As mentioned, brand suitability is a major concern for CTV advertisers. There’s often an assumption that, if you’re advertising on CTV platforms, you’re placing your ads alongside premium content. That’s not always the case. 

For example when you check the CTV box in your demand side platform (DSP) interface, there’s actually no guarantee that you’ll only get premium content. You might also wind up showing ads on mobile devices, mobile apps, screensavers, or small streaming windows on websites. 

It’s important, therefore, to make meaningful decisions about where you run ads, and have the ability to transparently track and prove those placements. There are a variety of techniques that help you do this. 
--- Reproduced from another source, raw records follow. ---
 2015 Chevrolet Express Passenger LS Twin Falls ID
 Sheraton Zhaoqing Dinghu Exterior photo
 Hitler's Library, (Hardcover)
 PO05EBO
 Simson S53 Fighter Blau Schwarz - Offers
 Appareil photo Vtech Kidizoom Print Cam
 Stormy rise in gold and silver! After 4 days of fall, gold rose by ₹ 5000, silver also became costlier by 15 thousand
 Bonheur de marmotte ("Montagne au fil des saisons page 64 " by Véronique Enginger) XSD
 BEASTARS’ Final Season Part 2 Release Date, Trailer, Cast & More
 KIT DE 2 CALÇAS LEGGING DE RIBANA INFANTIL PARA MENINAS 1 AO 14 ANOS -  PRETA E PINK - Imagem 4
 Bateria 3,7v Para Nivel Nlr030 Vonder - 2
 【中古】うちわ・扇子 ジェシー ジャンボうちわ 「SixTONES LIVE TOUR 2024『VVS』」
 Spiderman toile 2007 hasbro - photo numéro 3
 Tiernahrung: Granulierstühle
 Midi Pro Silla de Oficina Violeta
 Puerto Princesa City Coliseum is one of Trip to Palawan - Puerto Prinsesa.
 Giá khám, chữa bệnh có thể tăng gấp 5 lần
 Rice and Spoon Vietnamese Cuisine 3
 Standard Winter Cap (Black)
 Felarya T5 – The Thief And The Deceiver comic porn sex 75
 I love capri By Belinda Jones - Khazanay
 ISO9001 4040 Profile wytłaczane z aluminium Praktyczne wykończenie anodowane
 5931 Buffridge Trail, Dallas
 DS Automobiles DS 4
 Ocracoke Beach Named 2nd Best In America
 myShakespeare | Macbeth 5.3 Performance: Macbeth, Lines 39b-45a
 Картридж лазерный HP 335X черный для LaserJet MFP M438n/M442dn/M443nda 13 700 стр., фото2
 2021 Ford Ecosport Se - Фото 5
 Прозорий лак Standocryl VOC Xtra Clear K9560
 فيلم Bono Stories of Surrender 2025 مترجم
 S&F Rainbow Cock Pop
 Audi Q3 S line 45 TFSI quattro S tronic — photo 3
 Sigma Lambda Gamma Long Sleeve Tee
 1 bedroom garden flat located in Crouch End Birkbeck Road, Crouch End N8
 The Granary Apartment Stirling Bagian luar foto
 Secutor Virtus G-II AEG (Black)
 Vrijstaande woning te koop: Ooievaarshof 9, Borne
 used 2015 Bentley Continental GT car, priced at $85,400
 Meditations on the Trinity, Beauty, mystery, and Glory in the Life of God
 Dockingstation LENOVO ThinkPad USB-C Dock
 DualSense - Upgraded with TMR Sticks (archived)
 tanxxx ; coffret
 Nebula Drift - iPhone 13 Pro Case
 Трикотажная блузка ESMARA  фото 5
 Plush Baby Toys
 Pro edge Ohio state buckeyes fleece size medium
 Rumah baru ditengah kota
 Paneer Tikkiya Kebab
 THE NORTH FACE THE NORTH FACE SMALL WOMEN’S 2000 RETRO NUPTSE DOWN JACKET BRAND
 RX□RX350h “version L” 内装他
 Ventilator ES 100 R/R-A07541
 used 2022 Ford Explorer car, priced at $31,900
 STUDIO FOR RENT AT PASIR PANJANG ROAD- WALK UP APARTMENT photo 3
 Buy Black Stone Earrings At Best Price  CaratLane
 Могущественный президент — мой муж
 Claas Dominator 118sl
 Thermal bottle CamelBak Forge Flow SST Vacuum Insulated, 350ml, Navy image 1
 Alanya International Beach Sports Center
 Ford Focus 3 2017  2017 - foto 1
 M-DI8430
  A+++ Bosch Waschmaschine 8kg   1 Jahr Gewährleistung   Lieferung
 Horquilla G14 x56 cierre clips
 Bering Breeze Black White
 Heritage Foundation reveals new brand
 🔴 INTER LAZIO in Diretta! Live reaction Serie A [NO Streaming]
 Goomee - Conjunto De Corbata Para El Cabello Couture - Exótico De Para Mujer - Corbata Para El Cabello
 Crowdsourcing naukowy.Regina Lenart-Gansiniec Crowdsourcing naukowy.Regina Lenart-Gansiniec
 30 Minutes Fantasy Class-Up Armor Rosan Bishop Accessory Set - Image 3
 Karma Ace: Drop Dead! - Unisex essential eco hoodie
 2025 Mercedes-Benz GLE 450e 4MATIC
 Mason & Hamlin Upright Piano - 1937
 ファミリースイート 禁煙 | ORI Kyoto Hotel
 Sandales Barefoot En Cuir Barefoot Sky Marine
First is contextual targeting, as described above. The second are brand suitability controls that give you safety from fake content, specific no-go categories and content types, and non-OTT apps. 

Contextual targeting tools should offer cookie-free planning and targeting tool sets that let you target users based on specific contextual signals. These signals should be based on what those users are watching at an exact moment in time to ensure contextual relevance and suitability. This helps to alleviate major issues with CTV advertising like transparency, fragmentation, insufficient inventory data, and inefficient buying processes. 

On the brand suitability side, the explosion of CTV has created an urgency for advertisers to gain access to the same options that other digital advertising platforms offer to ensure relevance and safety. The best brand suitability tools are CTV give you access to pre-bid contextual categories that are purpose-built to help you avoid unsafe, unknown, or unverified channels during campaign setup. 

Rounding out the requirements for CTV advertisers in transparency. You need to be able to confidently and reliably track and monitor where your ads appear, how much engagement they’re getting, and what your ROI is from this channel. That comes down to having the proper tracking tools. 

How to track your connected TV ad performance 

Transparency during planning, launching and auditing your CTV ads is critical to ensuring that you maximize your spend on these platforms. Ideally, you’ll want a toolset that enables contextual planning using defined pre-bid categories and transparency and attribution tools that highlight the performance of ad placements and content types. 

With a tool like Peer39, CTV advertisers gain this deep granularity on their planning and reporting capabilities. 

This granular transparency reporting includes the ability to track: 

  • Budget and spend
  • Impressions
  • Cost per action
  • View through conversions
  • CTV channel
  • Show-level data
  • Content categories
  • Production type
  • OTT service and device
  • Ad starts 
  • Ad complete 
  • Ad and video completion rate
  • Number of ads per show or channel 

Transparent reporting and planning lets you effectively demonstrate the value gained from CTV campaigns. This ensures reliability in your reporting data, and better-informed decision making about future ad spend through CTV.